For purposes of this Agreement, the references to “fully vested” refer to vesting of the number of Restricted Stock Units that would vest upon achievement of the maximum level of achievement of the Performance Goal under Section 2. This Section 3 shall supersede the standard vesting provision contained in Section 2 of this Agreement only to the extent that it results in accelerated vesting of the Restricted Stock Units, and it shall not result in a delay of any vesting or non-vesting of any Restricted Stock Units that otherwise would occur during the Performance Period under the terms of the standard vesting provision contained in Section 2 of this Agreement.

For purposes of this Section 3, the following definitions shall apply:

(d) “Cause” means:

(i) The Grantee’s conviction of a crime involving fraud or dishonesty; or

(ii) The Grantee’s continued willful or reckless material misconduct in the performance of the Grantee’s duties after receipt of written notice from the Company concerning such misconduct;

provided, however, that for purposes of Section 3(d)(ii), Cause shall not include any one or more of the following: bad judgment, negligence or any act or omission believed by the Grantee in good faith to have been in or not opposed to the interest of the Company (without intent of the Grantee to gain, directly or indirectly, a profit to which the Grantee was not legally entitled).

(e) “Good Reason” means:

(i) The assignment to the Grantee of any duties adverse to the Grantee and materially inconsistent with the Grantee’s position (including status, titles and reporting requirement), authority, duties or responsibilities, or any other action by the Company that results in a material diminution in such position, authority, duties or responsibilities, excluding for this purpose an isolated, insubstantial and inadvertent action that is not taken in bad faith;

(ii) Any material reduction in the Grantee’s compensation; or

(iii) Change in location of the Grantee’s assigned office of more than 35 miles without prior consent of the Grantee.

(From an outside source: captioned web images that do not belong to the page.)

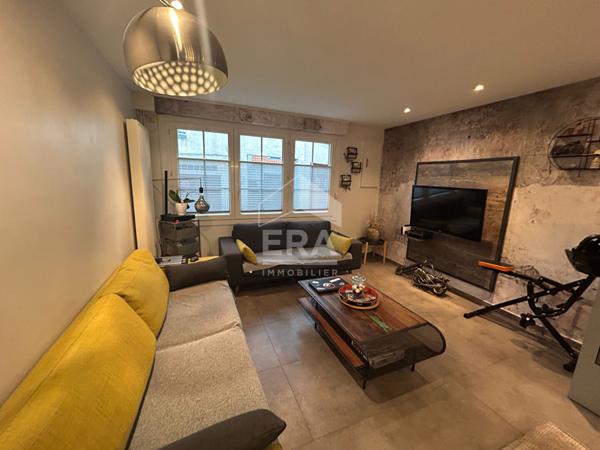 Centre-ville Étaples,Maison rénovée de 110 m²+appartement indépendant de 27m² et Garage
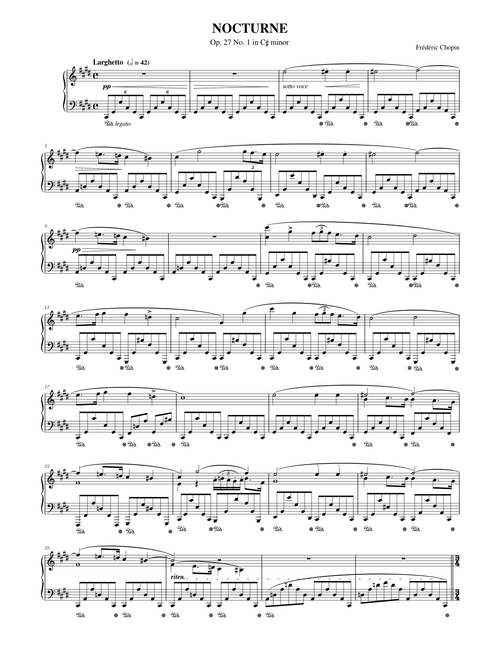 Frédéric Chopin: Nocturne in C-sharp minor, Op.27 No.1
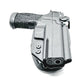 Sig Sauer P365-FUSE Duty Holster with gray holster holding a pistol for p365-xmacro comp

The Grantee’s resignation will not constitute a resignation for Good Reason unless the Grantee first provides written notice to the Company of the existence of the Good Reason within 90 days following the effective date of the occurrence of the Good Reason, and the Good Reason remains uncorrected by the Company for more than 30 days following receipt of such written notice of the Good Reason from the Grantee to the Company, and the effective date of the Grantee’s resignation is within one year following the effective date of the occurrence of the Good Reason.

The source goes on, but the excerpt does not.